### TASK ITEM
Output exactly, in the material below, the lines from the one with "Ankis Black Heels" through the one with "Chine, KWANGTUNG PROVINCE, Kuang-hs, Cent, 10". Omit all pictures.

### RECORDS PROVIDED
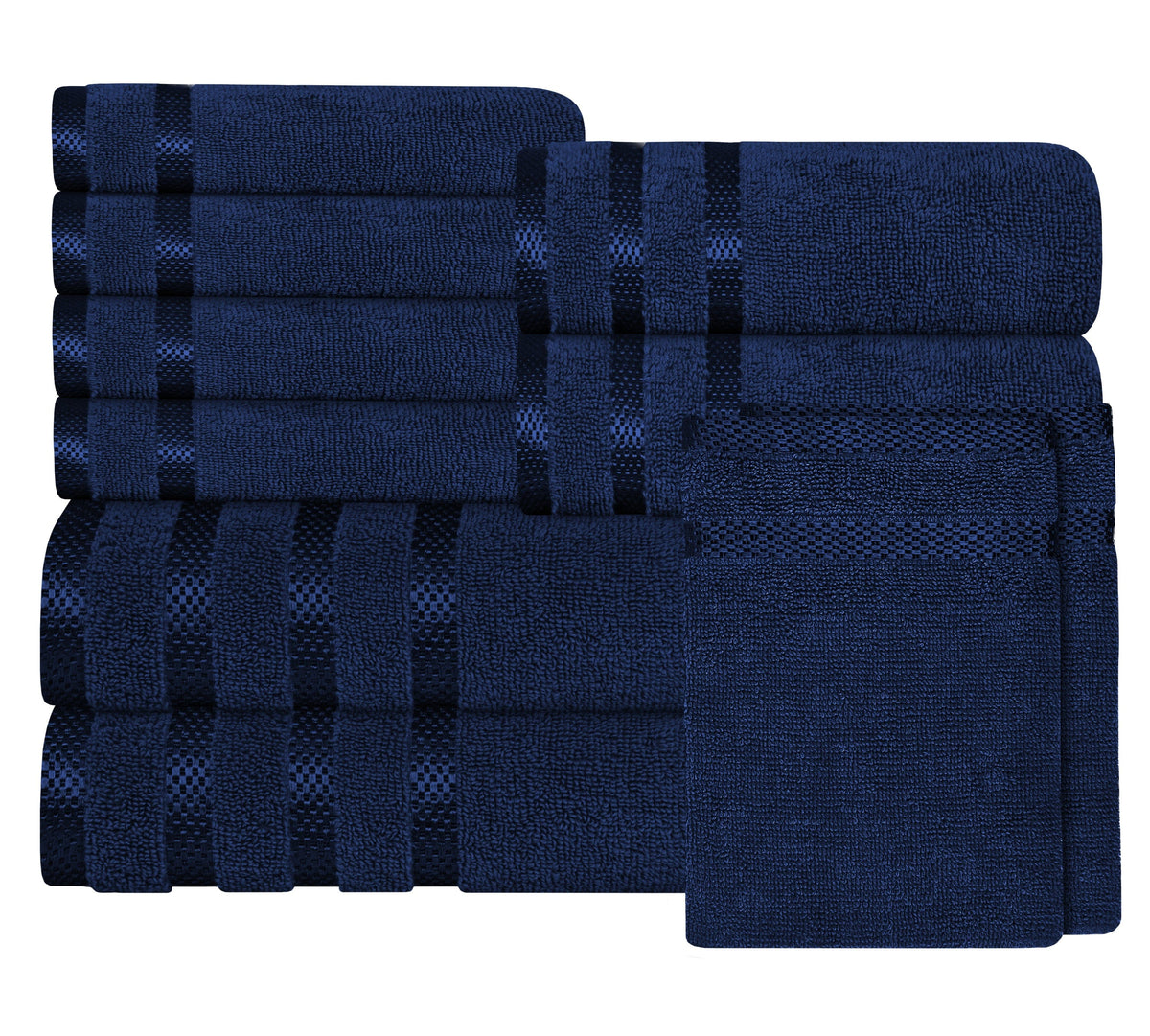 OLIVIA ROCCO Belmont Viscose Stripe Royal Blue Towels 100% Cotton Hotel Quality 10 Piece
--
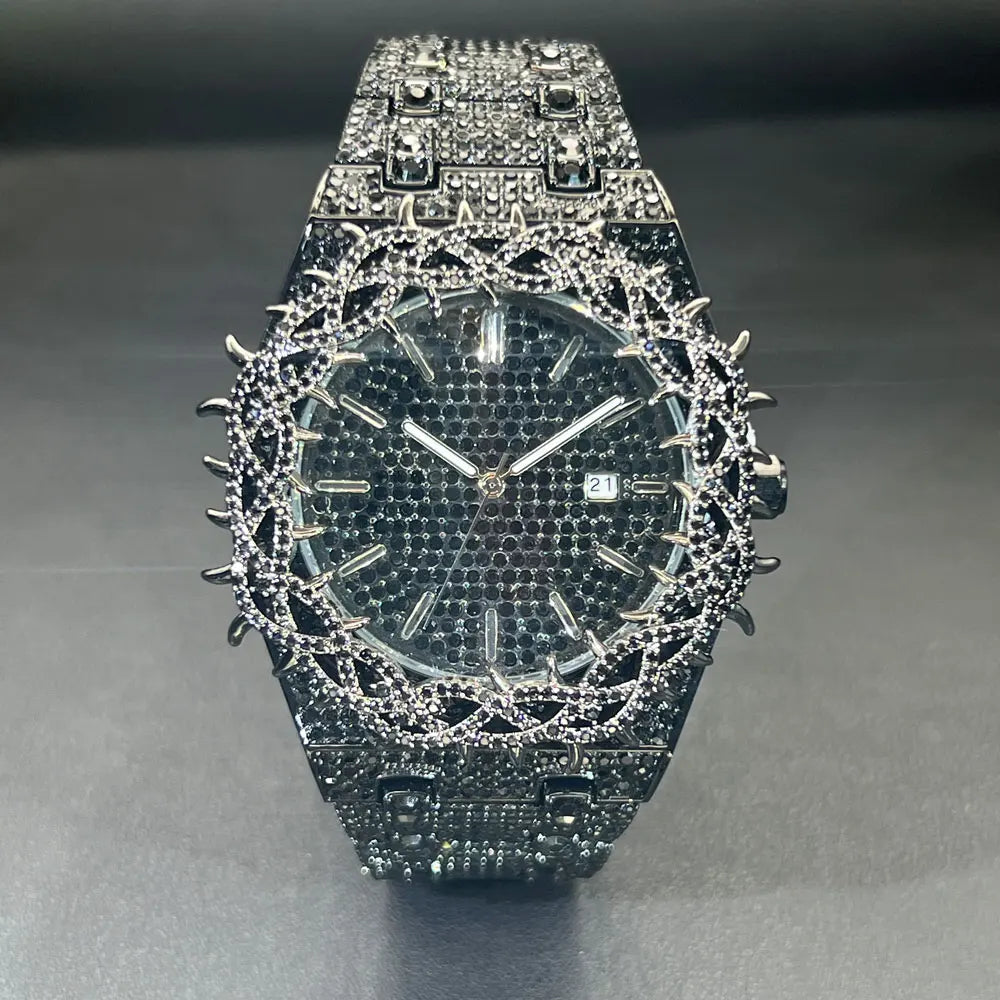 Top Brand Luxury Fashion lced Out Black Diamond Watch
---
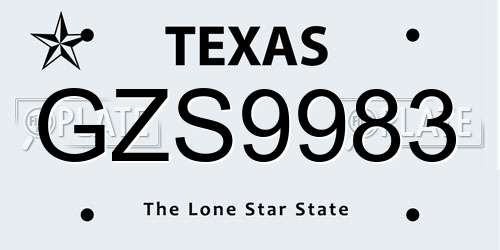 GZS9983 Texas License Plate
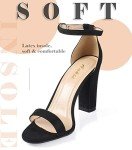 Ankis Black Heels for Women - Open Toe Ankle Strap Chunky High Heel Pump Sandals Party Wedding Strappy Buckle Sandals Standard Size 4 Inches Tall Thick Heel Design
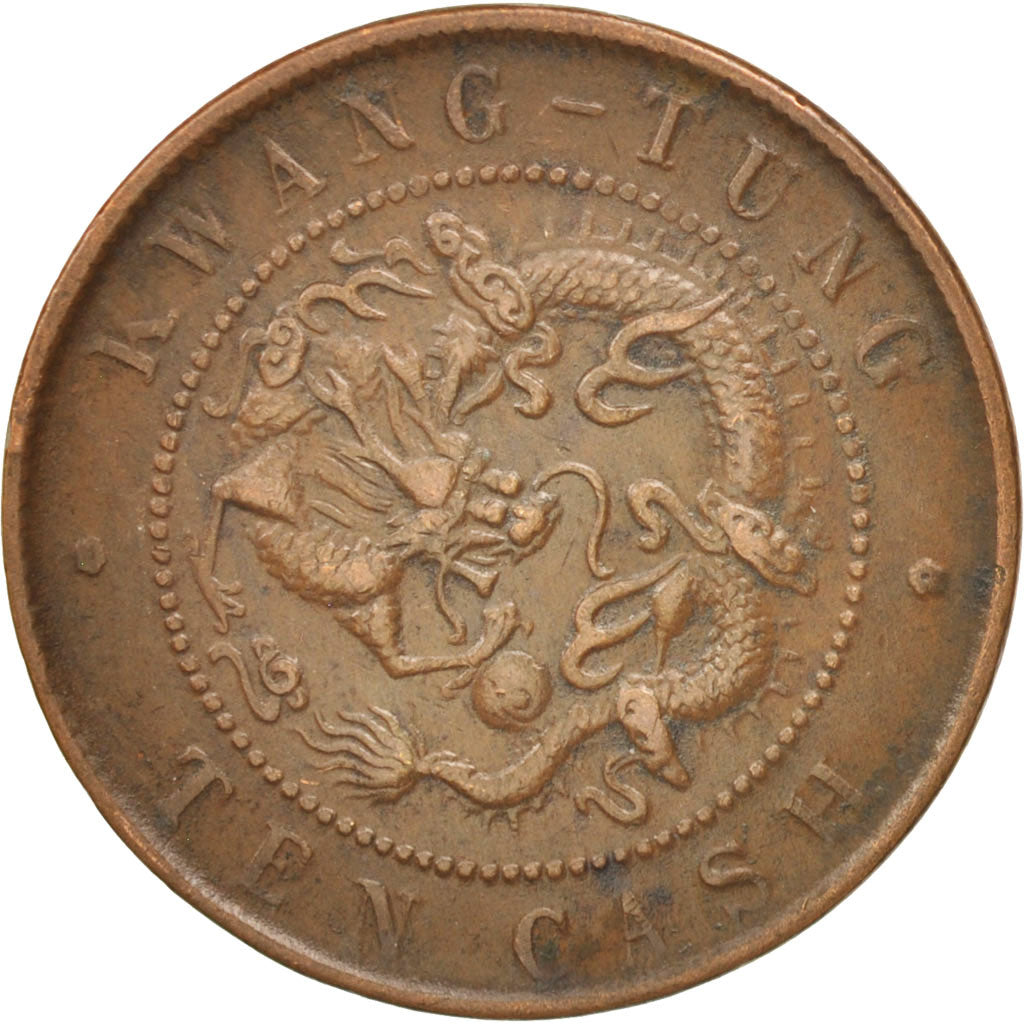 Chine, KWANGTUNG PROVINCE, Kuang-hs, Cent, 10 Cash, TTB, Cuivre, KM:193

### TASK ANSWER
 Ankis Black Heels for Women - Open Toe Ankle Strap Chunky High Heel Pump Sandals Party Wedding Strappy Buckle Sandals Standard Size 4 Inches Tall Thick Heel Design
 Chine, KWANGTUNG PROVINCE, Kuang-hs, Cent, 10 Cash, TTB, Cuivre, KM:193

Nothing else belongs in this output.